Lesson 8 (2019) discussion & wiki

ELU flattens out at -1 instead of zero for argument x < 0 . In part to address the issue with the mean.

2 Likes

We need a non-linearity because two linear functions in a row is just another linear function. And linear functions don’t recognize cats from dogs. ReLU is a fast non-linearity.

5 Likes

I understand why the weights might vanish (std deviation is decreasing with the layers due to the non-linearity), but why might they explode ?

1 Like

loving class…learned about two topics that I was ignoring in code

  1. what is “[…, ]”
  2. what is c[:,None]
1 Like

If the scale of your weights is 1.5 after the fist layer and activation, they’ll be 1.5**2 at the second, and quickly get out of hand.

6 Likes

@PierreO, technically for Einstein summation convention, such situations are simply poorly defined, and likely are errors.
In any case, no summation is implied if the index appears in the same dimension.

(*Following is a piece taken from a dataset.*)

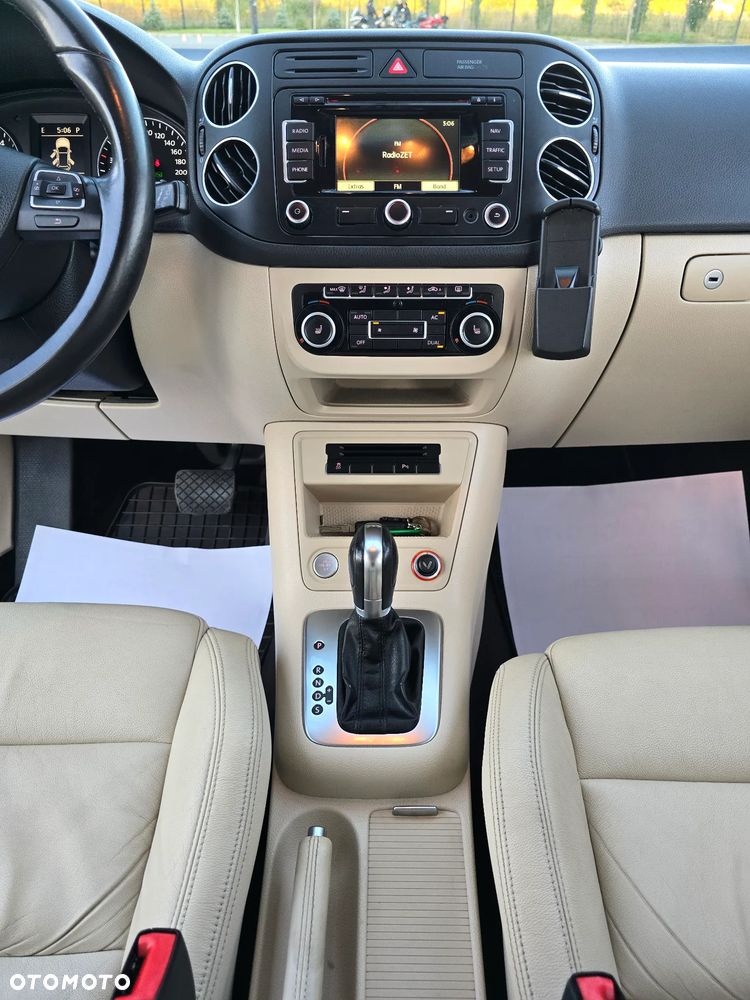 Volkswagen Golf Plus 2.0 TDI DSG Comfortline - 34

Why does PyTorch transpose and we don’t? Is that just a stylistic choice for how we want to treat rows vs columns?

3 Likes

It might be linked to some kind of optimization, or maybe it just made more sense to them when they wrote that layer.

1 Like

why couldn’t you just set a cutoff for the initialization instead of implementing all this math? ie all w1 must be between 0.001 and 0.01 (and then randomly draw from that with a generic gaussian distribution)

Because if you use a too tiny std, then your weights will vanish across the network and all become zeros. It is a tricky business: you have to be neither too big or too small.

6 Likes

Does Terence know LaTeX or all that LaTeX is copy pasted from wikipedia ? :joy:

5 Likes

I think you just gave me the solution a problem I’ve been having with one of my networks…!

I am using a single embedding layer, but for 16 inputs. I’m guessing the the scales aren’t working out well because of it.

1 Like

@rachel to help people get started…

I can confirm that the docker works well. https://forums.fast.ai/t/docker-image-of-fastai-jupyter-cuda10-py3-7/40081

To update, log in via bash, and then git pull, reinstall, then git clone the part3 code. I have provided the commands there.

3 Likes

he made bookish a tool to convert md to latex

2 Likes

Would be cleaner if Jeremy used y=f(x) and y=g(x), just to avoid any confusion about composing functions.

He didn’t use f anf f afterward thought :wink:

2 Likes

I love the course! I really hope that you will expand this course in some advanced topics like randomized linear algebra and the linkage to convex/non-convex optimization.

2 Likes

Sorry, why do his function def’s not have “return ____” at the end?
Is it a Python default that functions return the result of the last operation?

It’s storing the gradients, that’s all we need.

1 Like

it’s assigned to a layer via a mutation (class.g = whatever)

2 Likes